Opinion pieces, including two in these pages this summer, have made important contributions to both sides of the debate. Both those who would indict the apartheid regime and those who would caution against hastily assessing Israeli self-defense tactics, which help to thwart Hamas, are deeply relevant. Yet nevertheless, the issue of “indigenous” status remains.
To many spectators (particularly on the far left), the question is a settled one. In a recent op-ed for Al Jazeera, one commentator referred to the Jews who fled Europe for Israel after the Holocaust as “colonizers and conquerors,” contrasting Arab indigeneity with Jewish foreignness. The same piece charged “Wonder Woman” lead actress Gal Gadot with faking Jewish identity after her parents made aliyah: “Like most Zionists, her parents changed their names from Greenstein to ‘indigenize’ themselves, but that does not change who they are.” To this author, Gadot and her cohort of Israeli Jews are no different from white European imperialists, overseeing the “destruction of the indigenous society.”
Other voices have started to echo this position. This month, the Democratic Socialists of America voted to boycott Israel over “apartheid, colonialism [and] military occupation.” Beneath the doctrinal language lies the same colonial charge: Israeli Jews are the new conquistadores. And this sentiment is far from isolated.

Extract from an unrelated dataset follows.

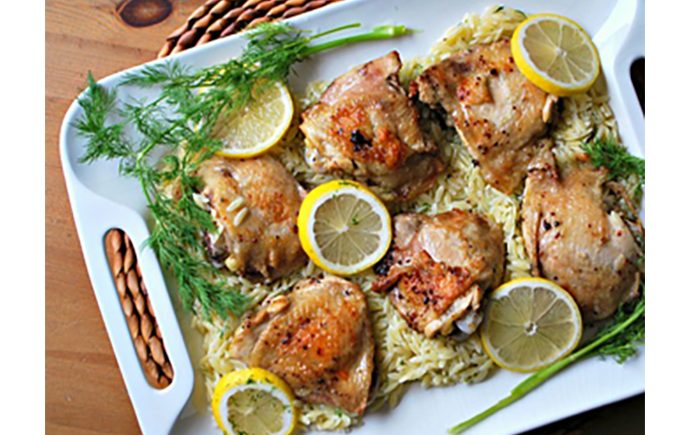 Lemon Roasted Chicken Thighs with Dilled Orzo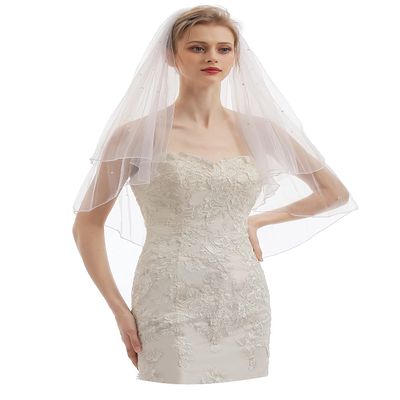 EllieHouse 2 Tier Fingertip Length Short Wedding Bridal Veil With Comb X22 White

Certain things ought to go without saying. Current Israeli Prime Minister Benjamin Netanyahu is a war hawk on the settlements issue. He has been a consistent proponent of settlement construction in the West Bank and has occasionally dismissed the possibility of a Palestinian state. Israel’s large military presence in the West Bank is also troubling, as it occasionally enables abusive force. Few political moderates would defend these incursions. For its part, the United States—generally regarded as Israel’s closest ally—has expressed its concerns. But it does not follow from either Netanyahu’s politics or his aggressive interpretation of borders that Israel is inherently colonial.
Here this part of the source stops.